## Try it
Among the entries below, find the line with "2015 Mahindra XUV500", then quote it and each following line up to and including the line with "přírodní barevná miska", and nothing else.

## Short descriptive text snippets
━━━━━━━━━━━━━━━━━━━━
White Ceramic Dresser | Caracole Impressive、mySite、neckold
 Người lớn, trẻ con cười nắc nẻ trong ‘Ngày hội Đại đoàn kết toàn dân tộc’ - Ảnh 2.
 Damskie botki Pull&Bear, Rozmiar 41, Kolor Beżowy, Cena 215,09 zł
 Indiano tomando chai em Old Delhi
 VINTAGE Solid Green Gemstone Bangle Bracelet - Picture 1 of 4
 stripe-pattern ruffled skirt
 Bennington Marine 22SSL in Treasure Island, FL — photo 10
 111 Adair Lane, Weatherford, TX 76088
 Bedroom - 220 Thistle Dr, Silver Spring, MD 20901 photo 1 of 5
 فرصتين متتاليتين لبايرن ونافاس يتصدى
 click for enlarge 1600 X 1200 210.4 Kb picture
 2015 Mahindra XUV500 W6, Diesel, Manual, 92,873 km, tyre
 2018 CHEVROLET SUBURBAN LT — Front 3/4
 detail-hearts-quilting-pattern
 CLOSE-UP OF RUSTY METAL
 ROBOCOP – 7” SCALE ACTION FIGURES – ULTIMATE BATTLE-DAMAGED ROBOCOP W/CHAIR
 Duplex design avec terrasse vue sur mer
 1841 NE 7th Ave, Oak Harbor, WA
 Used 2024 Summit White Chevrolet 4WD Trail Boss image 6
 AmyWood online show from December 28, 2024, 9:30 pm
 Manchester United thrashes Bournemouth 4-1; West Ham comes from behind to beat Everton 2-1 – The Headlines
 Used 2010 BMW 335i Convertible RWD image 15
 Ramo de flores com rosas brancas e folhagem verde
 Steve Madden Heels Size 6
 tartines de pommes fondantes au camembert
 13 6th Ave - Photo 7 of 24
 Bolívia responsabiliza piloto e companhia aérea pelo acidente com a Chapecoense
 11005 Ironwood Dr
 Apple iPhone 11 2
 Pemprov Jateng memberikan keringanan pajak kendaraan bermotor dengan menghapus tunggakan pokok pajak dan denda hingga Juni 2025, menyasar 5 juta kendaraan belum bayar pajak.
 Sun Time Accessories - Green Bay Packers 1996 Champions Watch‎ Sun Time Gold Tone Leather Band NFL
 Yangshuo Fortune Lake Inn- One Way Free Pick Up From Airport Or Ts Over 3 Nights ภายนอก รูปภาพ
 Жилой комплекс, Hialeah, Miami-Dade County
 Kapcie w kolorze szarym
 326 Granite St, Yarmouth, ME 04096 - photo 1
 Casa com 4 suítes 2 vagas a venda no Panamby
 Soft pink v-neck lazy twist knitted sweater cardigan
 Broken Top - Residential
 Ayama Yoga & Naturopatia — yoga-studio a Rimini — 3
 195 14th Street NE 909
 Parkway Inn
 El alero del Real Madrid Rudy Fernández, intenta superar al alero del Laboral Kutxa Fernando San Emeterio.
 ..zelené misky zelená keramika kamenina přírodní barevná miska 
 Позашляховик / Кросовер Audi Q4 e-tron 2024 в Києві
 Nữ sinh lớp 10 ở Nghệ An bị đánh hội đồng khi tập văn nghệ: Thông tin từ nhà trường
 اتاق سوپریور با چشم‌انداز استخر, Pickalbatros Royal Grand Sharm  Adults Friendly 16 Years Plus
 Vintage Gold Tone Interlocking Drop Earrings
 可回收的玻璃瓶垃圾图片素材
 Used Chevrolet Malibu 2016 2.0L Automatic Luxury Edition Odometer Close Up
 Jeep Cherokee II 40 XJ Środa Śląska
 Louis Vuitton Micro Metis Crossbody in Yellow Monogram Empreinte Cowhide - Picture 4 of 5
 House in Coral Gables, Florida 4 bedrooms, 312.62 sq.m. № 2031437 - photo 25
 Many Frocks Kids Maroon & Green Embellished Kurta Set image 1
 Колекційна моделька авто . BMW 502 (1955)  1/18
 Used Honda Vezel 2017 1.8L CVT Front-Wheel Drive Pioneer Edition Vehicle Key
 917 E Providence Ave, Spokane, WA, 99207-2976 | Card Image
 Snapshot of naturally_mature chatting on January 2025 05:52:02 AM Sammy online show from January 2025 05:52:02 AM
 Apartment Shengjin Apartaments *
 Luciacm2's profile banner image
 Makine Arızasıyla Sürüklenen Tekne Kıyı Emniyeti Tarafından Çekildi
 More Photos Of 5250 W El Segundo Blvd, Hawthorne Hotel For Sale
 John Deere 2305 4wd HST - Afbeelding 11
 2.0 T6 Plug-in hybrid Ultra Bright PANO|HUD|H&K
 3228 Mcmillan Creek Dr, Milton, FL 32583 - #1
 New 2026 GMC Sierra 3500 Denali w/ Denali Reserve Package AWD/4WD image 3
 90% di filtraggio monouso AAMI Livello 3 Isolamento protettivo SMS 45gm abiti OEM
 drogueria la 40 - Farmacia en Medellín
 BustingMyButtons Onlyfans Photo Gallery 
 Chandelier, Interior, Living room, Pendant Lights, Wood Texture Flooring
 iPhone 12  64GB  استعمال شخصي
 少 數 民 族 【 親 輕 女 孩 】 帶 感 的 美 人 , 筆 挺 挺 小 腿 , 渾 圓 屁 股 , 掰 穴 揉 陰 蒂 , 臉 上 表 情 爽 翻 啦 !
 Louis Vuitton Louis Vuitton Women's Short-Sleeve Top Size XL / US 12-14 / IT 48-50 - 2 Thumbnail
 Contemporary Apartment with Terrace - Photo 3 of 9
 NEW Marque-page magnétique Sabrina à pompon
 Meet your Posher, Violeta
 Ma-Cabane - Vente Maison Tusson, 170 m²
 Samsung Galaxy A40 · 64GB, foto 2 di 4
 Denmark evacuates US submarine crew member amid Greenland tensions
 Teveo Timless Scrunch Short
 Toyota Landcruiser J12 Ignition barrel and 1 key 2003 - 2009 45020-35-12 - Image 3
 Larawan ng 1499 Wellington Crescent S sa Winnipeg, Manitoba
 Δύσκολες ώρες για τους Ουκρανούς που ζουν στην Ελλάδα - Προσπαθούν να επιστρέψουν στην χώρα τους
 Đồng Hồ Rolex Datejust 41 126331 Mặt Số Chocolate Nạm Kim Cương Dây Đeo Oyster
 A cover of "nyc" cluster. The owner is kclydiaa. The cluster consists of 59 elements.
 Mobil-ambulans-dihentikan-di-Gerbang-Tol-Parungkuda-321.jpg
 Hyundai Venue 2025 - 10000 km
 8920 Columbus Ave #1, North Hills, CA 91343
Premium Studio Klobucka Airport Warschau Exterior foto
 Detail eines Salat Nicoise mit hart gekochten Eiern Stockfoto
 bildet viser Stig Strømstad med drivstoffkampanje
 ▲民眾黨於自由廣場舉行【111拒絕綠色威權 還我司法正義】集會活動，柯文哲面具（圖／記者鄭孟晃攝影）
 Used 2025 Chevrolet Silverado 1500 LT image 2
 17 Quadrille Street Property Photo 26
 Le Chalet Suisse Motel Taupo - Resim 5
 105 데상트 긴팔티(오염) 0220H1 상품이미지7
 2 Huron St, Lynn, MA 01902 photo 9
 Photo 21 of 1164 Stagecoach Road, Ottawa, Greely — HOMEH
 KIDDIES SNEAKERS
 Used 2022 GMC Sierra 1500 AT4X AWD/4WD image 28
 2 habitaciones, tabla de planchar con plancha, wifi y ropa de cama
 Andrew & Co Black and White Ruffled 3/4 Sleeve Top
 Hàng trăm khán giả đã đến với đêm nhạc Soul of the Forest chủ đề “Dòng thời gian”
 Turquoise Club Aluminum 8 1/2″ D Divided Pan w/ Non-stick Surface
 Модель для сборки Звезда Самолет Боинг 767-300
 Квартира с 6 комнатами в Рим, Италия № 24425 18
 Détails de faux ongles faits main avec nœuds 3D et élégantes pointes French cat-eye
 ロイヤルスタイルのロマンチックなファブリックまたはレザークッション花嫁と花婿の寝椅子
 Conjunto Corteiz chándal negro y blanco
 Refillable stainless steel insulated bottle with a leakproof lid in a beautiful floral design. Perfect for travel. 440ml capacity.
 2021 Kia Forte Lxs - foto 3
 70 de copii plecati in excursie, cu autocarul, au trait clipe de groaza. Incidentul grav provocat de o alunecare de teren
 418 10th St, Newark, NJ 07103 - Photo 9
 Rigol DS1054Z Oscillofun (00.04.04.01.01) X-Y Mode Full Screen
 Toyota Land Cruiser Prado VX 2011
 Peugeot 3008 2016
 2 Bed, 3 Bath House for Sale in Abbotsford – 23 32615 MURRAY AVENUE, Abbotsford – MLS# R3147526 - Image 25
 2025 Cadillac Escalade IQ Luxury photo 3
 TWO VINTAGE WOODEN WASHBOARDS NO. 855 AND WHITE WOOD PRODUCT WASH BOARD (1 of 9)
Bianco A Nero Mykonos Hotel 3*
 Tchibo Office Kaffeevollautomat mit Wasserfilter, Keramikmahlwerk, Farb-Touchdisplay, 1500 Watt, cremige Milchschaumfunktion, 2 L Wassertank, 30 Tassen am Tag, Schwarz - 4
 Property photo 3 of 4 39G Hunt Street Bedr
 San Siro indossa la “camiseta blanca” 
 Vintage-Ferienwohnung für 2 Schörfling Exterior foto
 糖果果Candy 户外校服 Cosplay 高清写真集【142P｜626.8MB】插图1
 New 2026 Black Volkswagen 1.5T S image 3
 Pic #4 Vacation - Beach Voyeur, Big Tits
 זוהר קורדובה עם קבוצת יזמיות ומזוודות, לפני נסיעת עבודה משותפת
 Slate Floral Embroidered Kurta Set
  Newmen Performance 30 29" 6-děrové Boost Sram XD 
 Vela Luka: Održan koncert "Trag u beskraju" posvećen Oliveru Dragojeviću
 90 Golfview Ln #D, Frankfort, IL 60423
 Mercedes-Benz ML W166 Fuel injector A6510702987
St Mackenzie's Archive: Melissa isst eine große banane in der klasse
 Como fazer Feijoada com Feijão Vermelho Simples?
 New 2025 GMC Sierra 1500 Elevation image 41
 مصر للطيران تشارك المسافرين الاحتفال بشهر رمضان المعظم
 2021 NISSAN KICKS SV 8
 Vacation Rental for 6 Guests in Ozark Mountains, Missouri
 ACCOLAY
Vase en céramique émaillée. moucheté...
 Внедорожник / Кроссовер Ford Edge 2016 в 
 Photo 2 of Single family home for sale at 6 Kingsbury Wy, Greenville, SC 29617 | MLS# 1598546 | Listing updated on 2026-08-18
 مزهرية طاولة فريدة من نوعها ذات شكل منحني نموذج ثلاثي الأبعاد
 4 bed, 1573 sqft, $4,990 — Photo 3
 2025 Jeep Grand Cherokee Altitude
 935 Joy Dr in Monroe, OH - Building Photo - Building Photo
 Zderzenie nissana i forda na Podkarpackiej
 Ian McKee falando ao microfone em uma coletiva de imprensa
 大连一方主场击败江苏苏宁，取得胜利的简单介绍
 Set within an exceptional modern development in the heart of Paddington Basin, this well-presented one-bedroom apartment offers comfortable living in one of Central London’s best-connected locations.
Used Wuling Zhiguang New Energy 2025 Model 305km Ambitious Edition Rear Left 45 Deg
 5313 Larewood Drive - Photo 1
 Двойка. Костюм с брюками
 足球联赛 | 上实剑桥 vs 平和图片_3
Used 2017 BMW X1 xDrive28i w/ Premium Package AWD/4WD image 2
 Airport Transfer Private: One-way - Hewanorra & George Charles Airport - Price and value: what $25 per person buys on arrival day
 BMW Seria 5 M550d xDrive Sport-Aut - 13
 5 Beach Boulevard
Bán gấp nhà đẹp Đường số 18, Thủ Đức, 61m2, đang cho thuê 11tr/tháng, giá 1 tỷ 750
━━━━━━━━━━━━━━━━━━━━
## Solution
 2015 Mahindra XUV500 W6, Diesel, Manual, 92,873 km, tyre
 2018 CHEVROLET SUBURBAN LT — Front 3/4
 detail-hearts-quilting-pattern
 CLOSE-UP OF RUSTY METAL
 ROBOCOP – 7” SCALE ACTION FIGURES – ULTIMATE BATTLE-DAMAGED ROBOCOP W/CHAIR
 Duplex design avec terrasse vue sur mer
 1841 NE 7th Ave, Oak Harbor, WA
 Used 2024 Summit White Chevrolet 4WD Trail Boss image 6
 AmyWood online show from December 28, 2024, 9:30 pm
 Manchester United thrashes Bournemouth 4-1; West Ham comes from behind to beat Everton 2-1 – The Headlines
 Used 2010 BMW 335i Convertible RWD image 15
 Ramo de flores com rosas brancas e folhagem verde
 Steve Madden Heels Size 6
 tartines de pommes fondantes au camembert
 13 6th Ave - Photo 7 of 24
 Bolívia responsabiliza piloto e companhia aérea pelo acidente com a Chapecoense
 11005 Ironwood Dr
 Apple iPhone 11 2
 Pemprov Jateng memberikan keringanan pajak kendaraan bermotor dengan menghapus tunggakan pokok pajak dan denda hingga Juni 2025, menyasar 5 juta kendaraan belum bayar pajak.
 Sun Time Accessories - Green Bay Packers 1996 Champions Watch‎ Sun Time Gold Tone Leather Band NFL
 Yangshuo Fortune Lake Inn- One Way Free Pick Up From Airport Or Ts Over 3 Nights ภายนอก รูปภาพ
 Жилой комплекс, Hialeah, Miami-Dade County
 Kapcie w kolorze szarym
 326 Granite St, Yarmouth, ME 04096 - photo 1
 Casa com 4 suítes 2 vagas a venda no Panamby
 Soft pink v-neck lazy twist knitted sweater cardigan
 Broken Top - Residential
 Ayama Yoga & Naturopatia — yoga-studio a Rimini — 3
 195 14th Street NE 909
 Parkway Inn
 El alero del Real Madrid Rudy Fernández, intenta superar al alero del Laboral Kutxa Fernando San Emeterio.
 ..zelené misky zelená keramika kamenina přírodní barevná miska 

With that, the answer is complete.